(Data items)
'''

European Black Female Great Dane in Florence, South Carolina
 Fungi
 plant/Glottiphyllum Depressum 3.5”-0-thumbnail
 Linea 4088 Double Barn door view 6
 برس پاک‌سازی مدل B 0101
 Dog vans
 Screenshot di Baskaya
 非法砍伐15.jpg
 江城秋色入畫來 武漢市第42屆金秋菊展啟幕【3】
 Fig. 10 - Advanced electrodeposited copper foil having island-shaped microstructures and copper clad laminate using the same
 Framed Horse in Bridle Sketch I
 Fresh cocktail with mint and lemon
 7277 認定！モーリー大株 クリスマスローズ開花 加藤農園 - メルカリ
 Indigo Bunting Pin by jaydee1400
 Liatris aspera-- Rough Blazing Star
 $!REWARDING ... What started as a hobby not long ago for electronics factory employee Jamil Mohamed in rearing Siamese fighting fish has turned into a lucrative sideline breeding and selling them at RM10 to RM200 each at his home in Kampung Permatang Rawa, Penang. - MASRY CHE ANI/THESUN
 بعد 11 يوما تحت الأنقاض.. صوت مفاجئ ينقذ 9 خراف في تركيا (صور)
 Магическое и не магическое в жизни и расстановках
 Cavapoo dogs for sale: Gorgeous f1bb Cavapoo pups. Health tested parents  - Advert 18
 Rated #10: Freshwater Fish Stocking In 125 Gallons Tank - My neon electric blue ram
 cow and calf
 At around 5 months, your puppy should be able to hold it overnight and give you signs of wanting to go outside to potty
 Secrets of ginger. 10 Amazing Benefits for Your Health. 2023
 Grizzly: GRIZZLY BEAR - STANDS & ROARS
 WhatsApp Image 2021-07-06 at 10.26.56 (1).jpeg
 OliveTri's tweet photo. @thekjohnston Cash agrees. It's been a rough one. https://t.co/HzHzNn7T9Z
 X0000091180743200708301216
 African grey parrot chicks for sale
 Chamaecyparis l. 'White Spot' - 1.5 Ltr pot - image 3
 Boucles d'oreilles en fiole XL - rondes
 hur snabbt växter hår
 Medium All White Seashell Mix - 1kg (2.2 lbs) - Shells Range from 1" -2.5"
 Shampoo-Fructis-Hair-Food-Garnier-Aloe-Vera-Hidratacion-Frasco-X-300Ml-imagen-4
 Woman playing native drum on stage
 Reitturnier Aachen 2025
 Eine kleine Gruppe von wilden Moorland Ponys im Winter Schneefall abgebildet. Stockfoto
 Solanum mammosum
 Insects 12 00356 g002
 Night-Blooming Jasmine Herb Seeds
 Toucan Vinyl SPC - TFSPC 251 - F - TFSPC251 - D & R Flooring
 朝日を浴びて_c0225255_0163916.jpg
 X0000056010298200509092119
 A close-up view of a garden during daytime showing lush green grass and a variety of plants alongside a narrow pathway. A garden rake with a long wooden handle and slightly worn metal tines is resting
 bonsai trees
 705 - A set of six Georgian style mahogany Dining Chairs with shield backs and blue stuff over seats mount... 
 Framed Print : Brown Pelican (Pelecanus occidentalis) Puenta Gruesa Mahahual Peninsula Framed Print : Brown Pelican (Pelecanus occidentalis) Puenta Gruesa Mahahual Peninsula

'''

PROBLEM DESCRIPTION:
Each of the lines from the one that contains "OliveTri's tweet photo." through the last line of the data needs to be repeated exactly, with no others.

ANSWER TO THE PROBLEM:
 OliveTri's tweet photo. @thekjohnston Cash agrees. It's been a rough one. https://t.co/HzHzNn7T9Z
 X0000091180743200708301216
 African grey parrot chicks for sale
 Chamaecyparis l. 'White Spot' - 1.5 Ltr pot - image 3
 Boucles d'oreilles en fiole XL - rondes
 hur snabbt växter hår
 Medium All White Seashell Mix - 1kg (2.2 lbs) - Shells Range from 1" -2.5"
 Shampoo-Fructis-Hair-Food-Garnier-Aloe-Vera-Hidratacion-Frasco-X-300Ml-imagen-4
 Woman playing native drum on stage
 Reitturnier Aachen 2025
 Eine kleine Gruppe von wilden Moorland Ponys im Winter Schneefall abgebildet. Stockfoto
 Solanum mammosum
 Insects 12 00356 g002
 Night-Blooming Jasmine Herb Seeds
 Toucan Vinyl SPC - TFSPC 251 - F - TFSPC251 - D & R Flooring
 朝日を浴びて_c0225255_0163916.jpg
 X0000056010298200509092119
 A close-up view of a garden during daytime showing lush green grass and a variety of plants alongside a narrow pathway. A garden rake with a long wooden handle and slightly worn metal tines is resting
 bonsai trees
 705 - A set of six Georgian style mahogany Dining Chairs with shield backs and blue stuff over seats mount... 
 Framed Print : Brown Pelican (Pelecanus occidentalis) Puenta Gruesa Mahahual Peninsula Framed Print : Brown Pelican (Pelecanus occidentalis) Puenta Gruesa Mahahual Peninsula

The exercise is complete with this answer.